Domestic team information
- 1845: Oxford University

Career statistics
| Competition | First-class |
| Matches | 1 |
| Runs scored | 1 |
| Batting average | 0.50 |
| 100s/50s | –/– |
| Top score | 1 |
| Catches/stumpings | –/– |
- Source: Cricinfo, 6 July 2020

= Augustus Orlebar (cricketer) =

English cricketer

Augustus Orlebar (14 June 1824 – 30 September 1912) was an English first-class cricketer and clergyman.

The son of Robert Charles Orlebar, he was born in June 1824 at Husborne Crawley, Bedfordshire. He was educated at Rugby School, where he is considered to have been a candidate for the basis of the character Tom Brown in Thomas Hughes' Tom Brown's School Days, though Hughes' brother, George, seems a more plausible candidate.
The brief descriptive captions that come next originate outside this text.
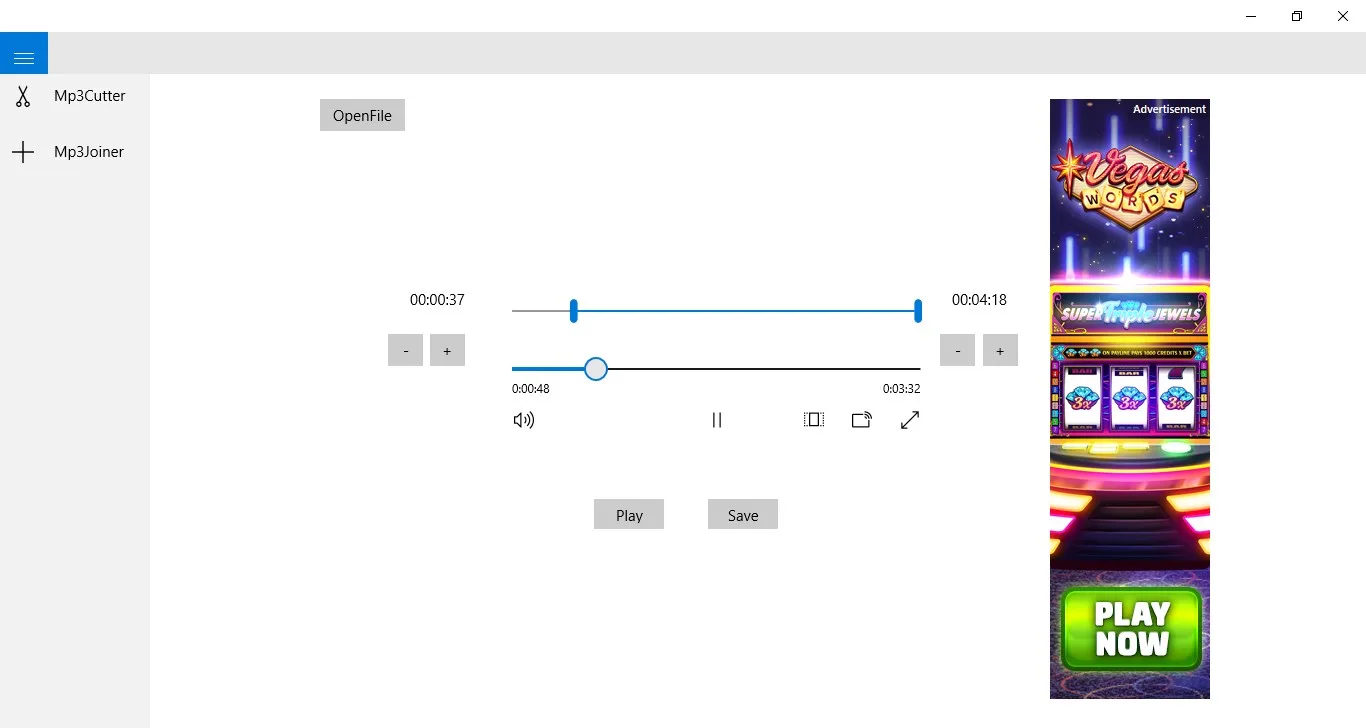 MP3 Cutter for Windows 10 screenshot 2
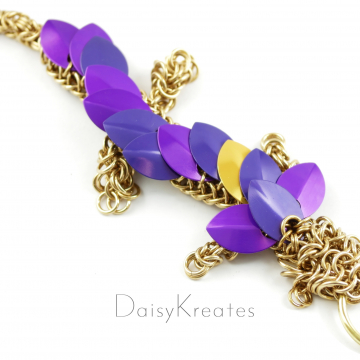 Aundrea's pet dragon chainmaille key fob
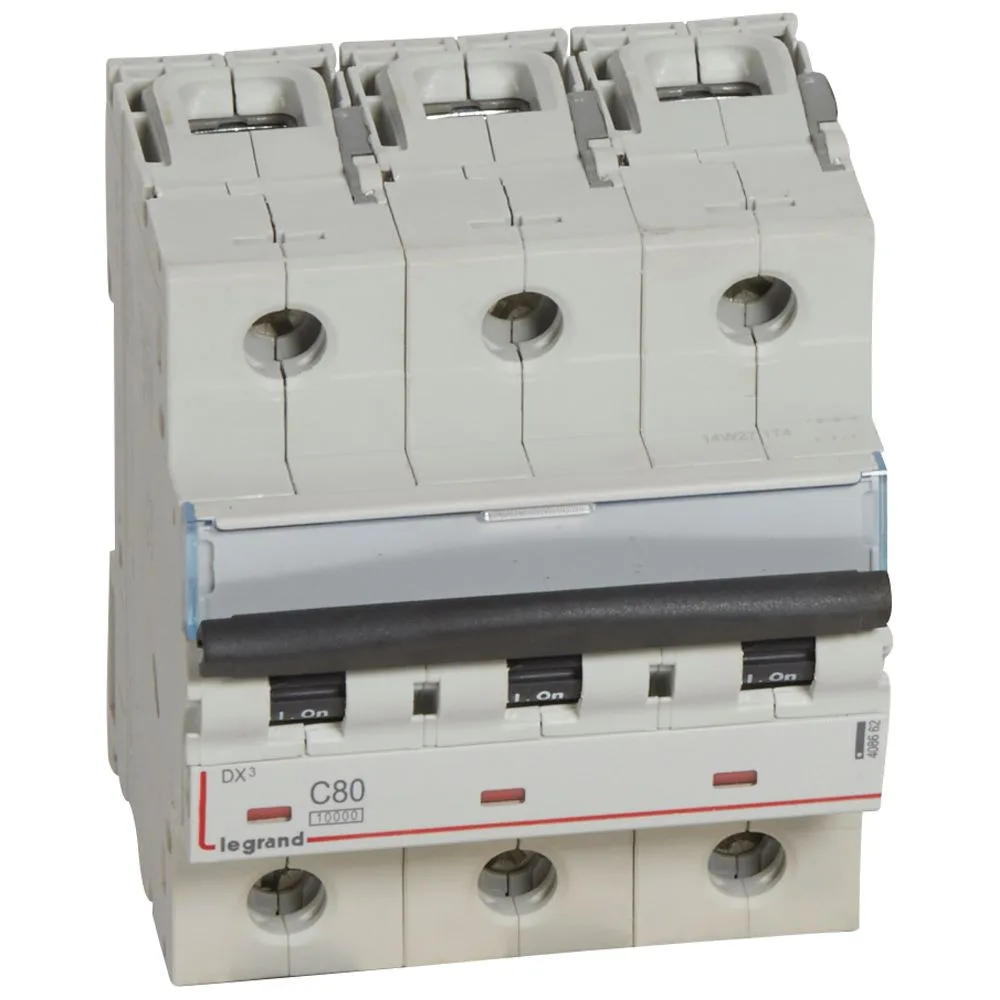 408662-LEGRAND-1000 Legrand DX3 3X80A C Tipi 10KA Otomat
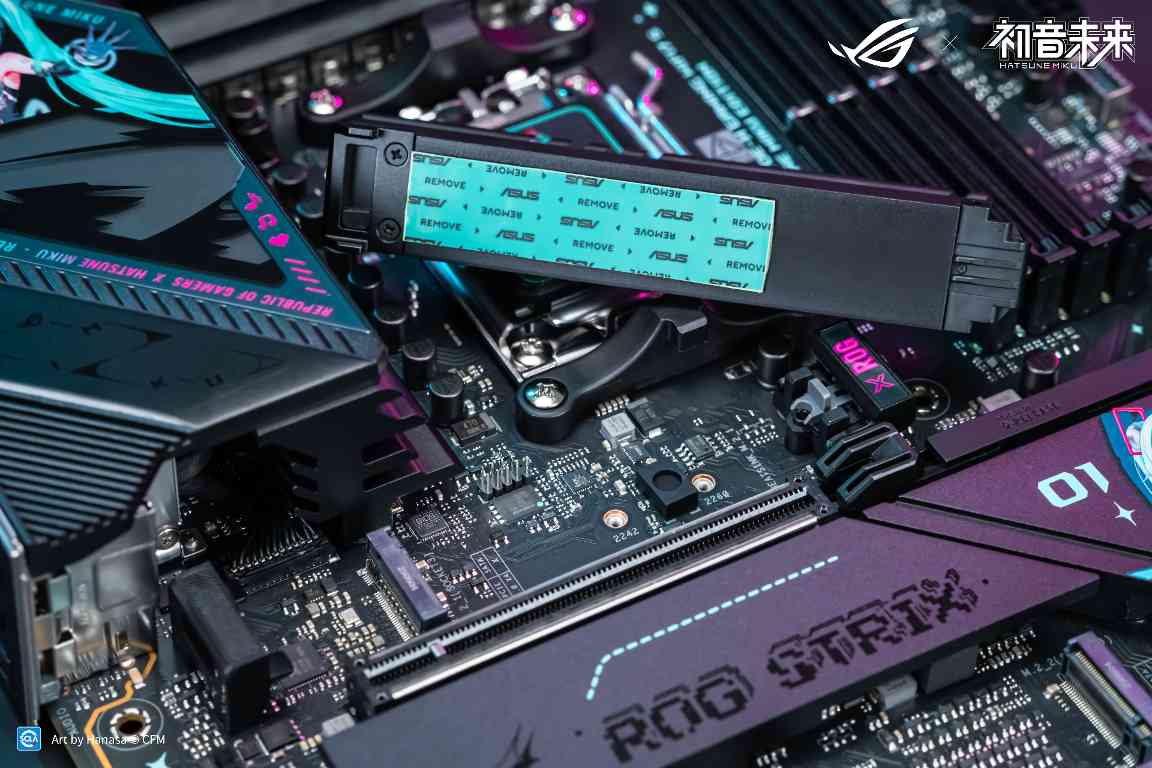 冲破次元壁 华硕X870E RO姬×初音未来版主板火热预约中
From Rugby, Orlebar went up to Wadham College, Oxford. While studying at Oxford, he made a single appearance in first-class cricket for Oxford University against the Marylebone Cricket Club at Oxford in 1845. Batting twice in the match, he was dismissed in the Oxford first innings for a single run by William Lillywhite, while in their second innings he was dismissed without scoring by the same bowler.

After graduating from Oxford, Orlebar took holy orders in the Church of England. He was appointed rector of Farndish in Bedfordshire from 1852 to 1858, before serving as vicar of Willington from 1858 until his death there in September 1912. His grandson, also called Augustus, was an air vice-marshal in the Royal Air Force.